Table 3. Calculated investment attractiveness (feedback control).

Years	CN	FR	USA
2016	0.19	0.20	0.38
2017	0.29	0.09	0.23
2018	0.21	0.15	0.27
2019	0.20	0.22	0.25
$\delta$	0.089	0.054	0.063

.

From a comparison of Table 2 and Table 3, it can be seen that the mathematical model of a positive DSEO with feedback control more adequately describes the dynamics of investment attractiveness in the three-regional system.

8. Conclusions

A positive dynamical system with an entropy operator was considered. A theorem was proved on the stay of the trajectories of the system in the non-negative orthant of the state space near the initial perturbations from this subspace. Conditions for the existence, uniqueness ,and localization of a nonzero singular point were obtained under program control and feedback control. Applying the linear majorant of the entropy operator, the boundaries of the localization region were obtained.
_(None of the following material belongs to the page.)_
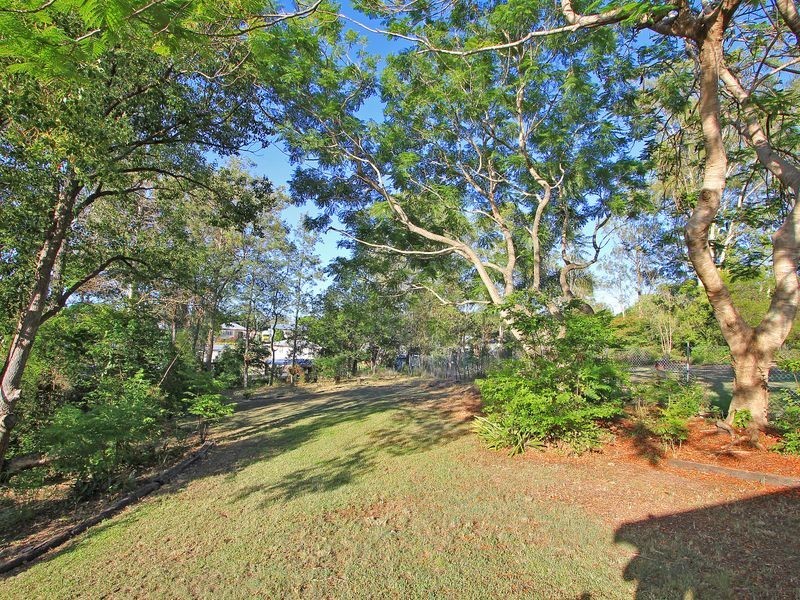 9 Ware Street, North Ipswich QLD 4305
The problem of stability of singular points was investigated. It was shown that, in the absence of control, the zero singular point was unstable, and not zero did not exist. Conditions for the existence and stability of a nonzero singular point were obtained under program control and feedback control.

A method for the synthesis of quasi-optimal control using the integral quadratic functional of quality and conditions for the existence of a singular non-zero point was developed.

The methods used in the article could be applied to study the dynamic properties and optimize the distribution system of regional flows of foreign direct investment. The advantages of using feedback control were shown.

It should be noted that the proposed method for studying program control and feedback control is based on sequential approximation of control using functional series. Therefore, the question of estimates of the accuracy of the approximation to the optimal solution remains open.